Langseth also just posted an article on Medium recently, with The article covers the "hardest" issues data marketplaces will face:
- Faked and Doctored data
- Sales of Stolen, Confidential, and Insider Data
- Piracy by Buyers of Data
- Big Data can be really Big
- Data is Fast
- Data Quality can be Questionable
- Lack of Metadata Standards
And in conclusion, he asks: So how do IotA, SingularityNET, and Datum address these issues?
Mostly they don't, at least so far. Most of the projects working on decentralized data marketplaces have simply not hit these issues yet as they are just in a test mode on a test network. To the extent they have thought about the trust-oriented issues, most of them propose either a reputation system or a centralized validation authority. Reputation systems for data marketplace are highly prone to Sybil attacks (large #'s of fake accounts colluding), and if you need a centralized authority forever you're defeating the purpose of a decentralized crypto system and may as well do everything the old way.
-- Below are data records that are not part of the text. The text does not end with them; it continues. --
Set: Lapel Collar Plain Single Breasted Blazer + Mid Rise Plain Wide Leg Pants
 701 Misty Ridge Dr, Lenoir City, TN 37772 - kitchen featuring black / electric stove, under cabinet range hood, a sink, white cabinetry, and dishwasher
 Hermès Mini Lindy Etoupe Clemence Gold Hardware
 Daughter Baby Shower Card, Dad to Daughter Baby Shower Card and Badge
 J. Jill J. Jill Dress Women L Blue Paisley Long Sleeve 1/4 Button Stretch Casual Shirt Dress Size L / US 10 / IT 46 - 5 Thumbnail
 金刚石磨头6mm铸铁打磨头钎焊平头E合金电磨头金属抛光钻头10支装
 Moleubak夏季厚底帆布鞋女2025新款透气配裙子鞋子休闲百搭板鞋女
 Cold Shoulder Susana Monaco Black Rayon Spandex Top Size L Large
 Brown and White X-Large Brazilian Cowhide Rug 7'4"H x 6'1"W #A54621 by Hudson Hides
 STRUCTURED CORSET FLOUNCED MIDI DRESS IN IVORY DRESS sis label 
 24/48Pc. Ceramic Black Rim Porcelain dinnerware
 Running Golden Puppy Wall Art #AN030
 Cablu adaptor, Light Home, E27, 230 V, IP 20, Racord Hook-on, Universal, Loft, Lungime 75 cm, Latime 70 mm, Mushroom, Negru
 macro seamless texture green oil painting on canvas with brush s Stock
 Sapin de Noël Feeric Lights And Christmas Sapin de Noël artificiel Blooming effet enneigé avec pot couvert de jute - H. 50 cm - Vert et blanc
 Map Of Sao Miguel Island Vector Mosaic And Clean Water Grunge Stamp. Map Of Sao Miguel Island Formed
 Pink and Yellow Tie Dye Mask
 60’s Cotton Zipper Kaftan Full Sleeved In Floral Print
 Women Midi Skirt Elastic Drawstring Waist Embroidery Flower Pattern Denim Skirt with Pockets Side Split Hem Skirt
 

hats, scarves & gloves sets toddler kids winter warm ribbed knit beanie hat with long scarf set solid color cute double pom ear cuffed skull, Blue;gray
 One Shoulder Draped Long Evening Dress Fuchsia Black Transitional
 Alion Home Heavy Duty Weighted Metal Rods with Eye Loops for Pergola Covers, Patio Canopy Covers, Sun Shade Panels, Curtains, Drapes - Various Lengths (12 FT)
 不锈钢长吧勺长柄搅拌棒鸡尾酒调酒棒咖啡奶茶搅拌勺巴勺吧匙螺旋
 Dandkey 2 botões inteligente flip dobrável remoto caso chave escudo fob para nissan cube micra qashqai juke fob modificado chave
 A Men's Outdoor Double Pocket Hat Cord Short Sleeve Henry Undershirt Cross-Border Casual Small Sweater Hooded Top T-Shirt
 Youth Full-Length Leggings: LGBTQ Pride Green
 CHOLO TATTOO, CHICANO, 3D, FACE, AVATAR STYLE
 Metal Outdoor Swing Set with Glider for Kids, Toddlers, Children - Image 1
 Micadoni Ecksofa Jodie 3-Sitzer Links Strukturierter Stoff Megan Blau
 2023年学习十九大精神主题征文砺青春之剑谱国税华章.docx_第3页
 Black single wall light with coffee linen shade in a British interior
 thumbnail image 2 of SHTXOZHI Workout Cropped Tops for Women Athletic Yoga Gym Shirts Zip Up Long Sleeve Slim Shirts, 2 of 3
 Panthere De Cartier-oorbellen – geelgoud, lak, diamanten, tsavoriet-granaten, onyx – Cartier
The battle for privacy is already lost. Once data is out, it's gone. Stemming the flow of current data could eventually dilute the value of the data brokers, but that requires regulation which is unlikely in the USA. To reign in data brokers who exist in the shadows, as opposed to a polluting coal-firing power plants, will require digital enforcement, and for-good trolls sniffing out the bad guys. The only question is, who will pay for the development and operation?
Updated, July 23, 2019, with clarifications on a couple of URLs cited in the original piece. Microsoft Azure DataMarket is defunct and was removed from the piece.